From this morning’s Washington Post:

 

— A string of defense attorneys, especially public defenders, pointed to much harsher sentences doled out to people for non-white-collar crimes than what Manafort got from Ellis. Mueller’s team laid out evidence during the Virginia trial that Manafort, by concealing $16 million in income, didn’t pay $6 million he would have owed in federal taxes, among other crimes.

“Scott Hechinger, a senior staff attorney at Brooklyn Defender Services, an organization that provides legal representation to defendants who cannot afford it, used one of his recent clients, who was just offered a 36-to-72-month sentence, as an example.

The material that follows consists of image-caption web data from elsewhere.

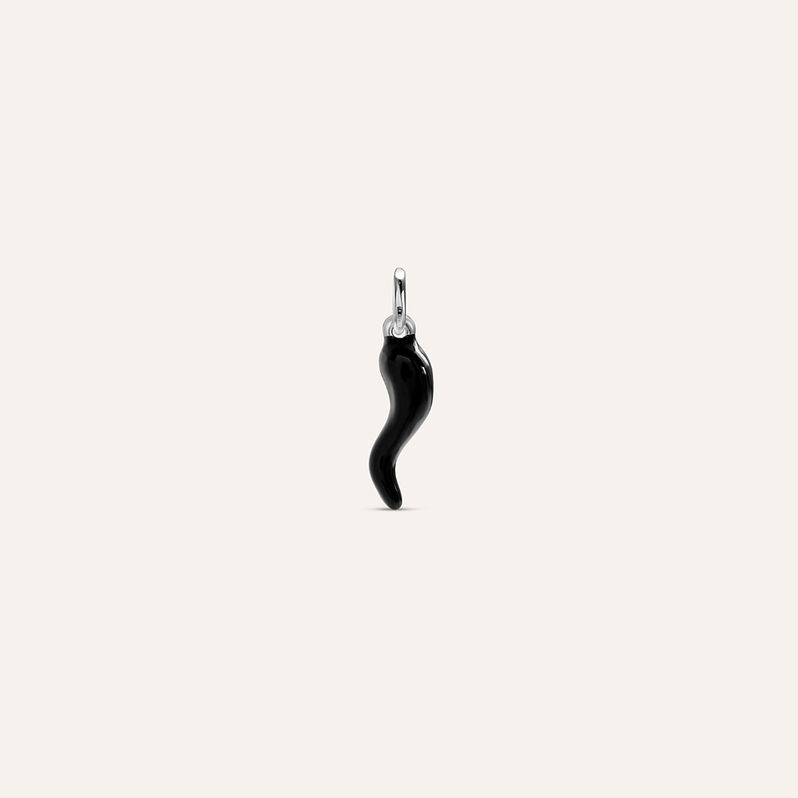 Pendente Silver Collection Argento Rodiato - Spannringe Damen | OROVIVO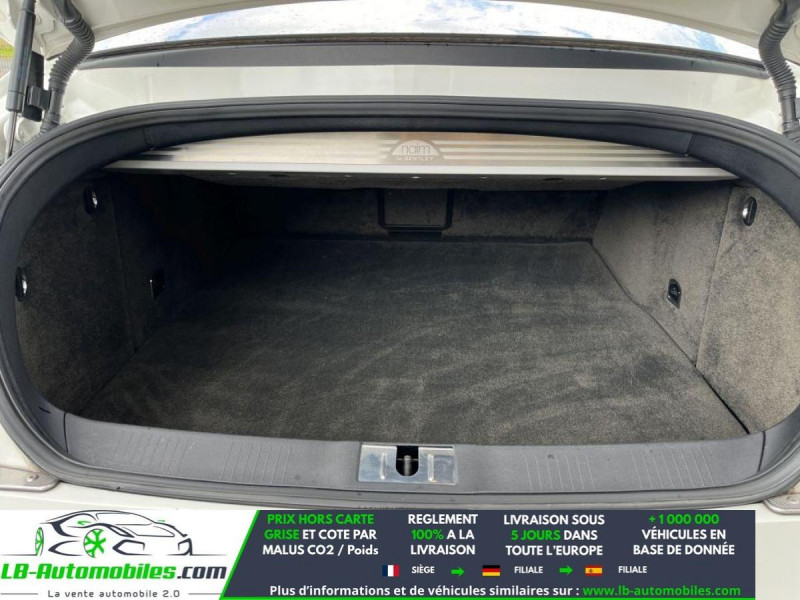 Bentley CONTINENTAL GT W12 Speed 6.0 635 ch  occasion � Beaupuy - photo n�10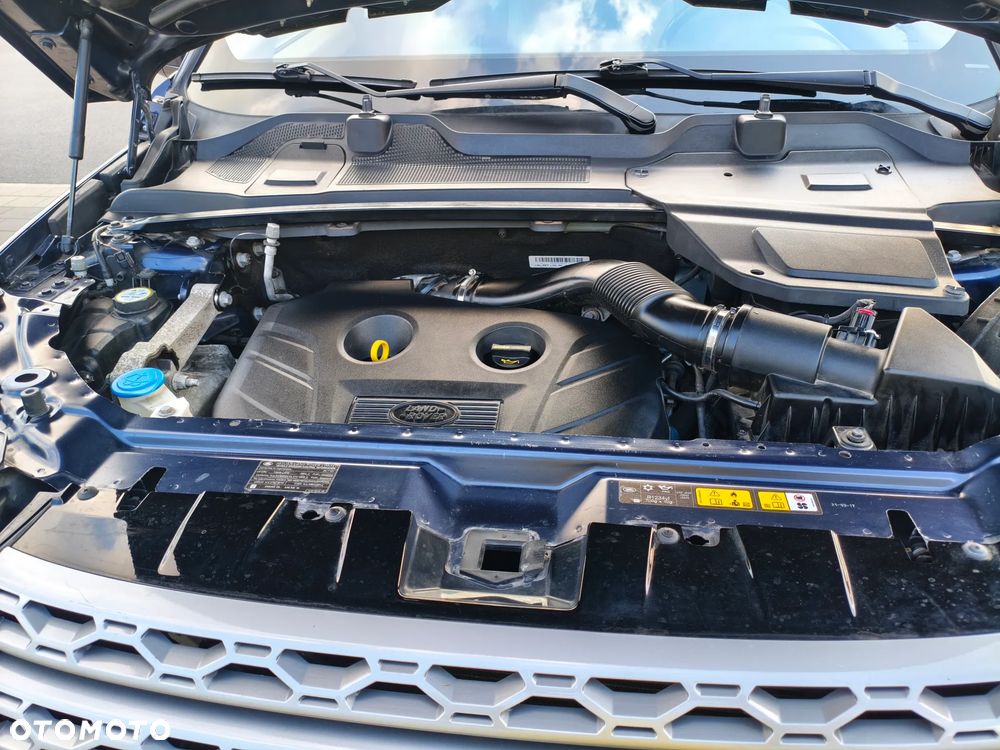 Land Rover Discovery Sport - 19
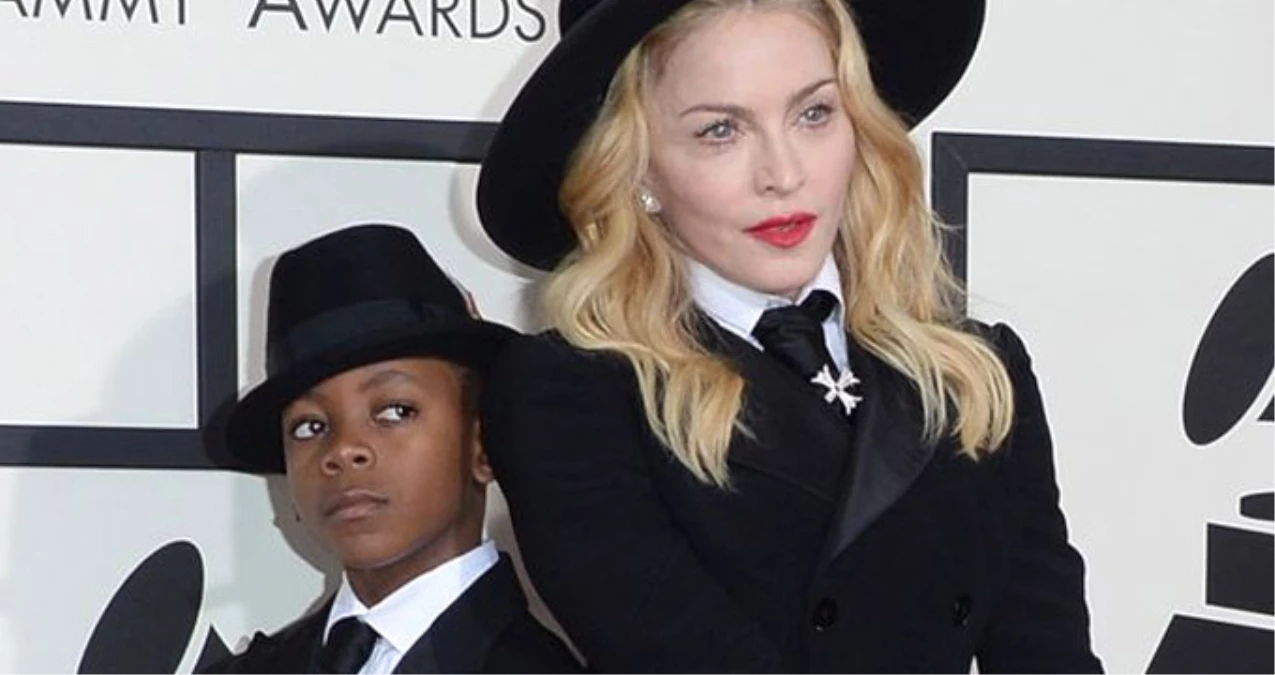 Madonna, Oğlunun Futbol Oynaması İçin Portekiz\'den 22.5 Milyon TL\'ye Ev Aldı
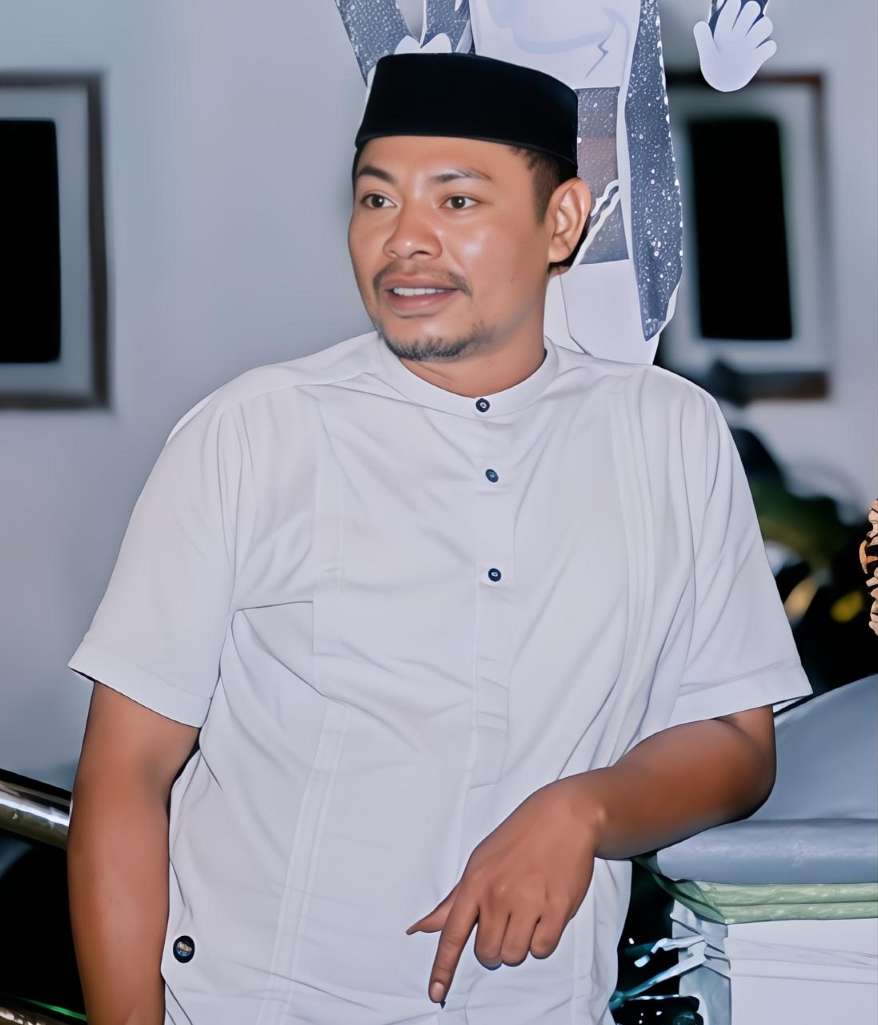 ALUMNI Mahasiswa Sosiologi UMMU-Ternate, Muhammad Ali Asyhur S.sos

The crime? Stealing $100-worth of quarters from a residential laundry room. Hechinger’s client may wind up doing more time than Manafort, a man who defrauded the Internal Revenue Service out of $6 million,” Reis Thebault and Michael Brice-Saddler report. “Hechinger listed a half dozen more examples. Among them were a Brooklyn teenager who got a 19-years-to-life sentence for burning a mattress in the hallway of his apartment building, resulting in the smoke-inhalation death of an officer who responded to the scene. He also cited the case of Cyrstal Mason, an ex-felon who was sent back to prison for five years after voting in the 2016 presidential election while on probation — an act she says she didn’t know was illegal.”

A defense lawyer tweeted that she had a client serving 3 1/2-7 years in prison for stealing laundry detergent from a drugstore (@DrRJKavanagh)

Two systems of justice. One for rich. The other for poor.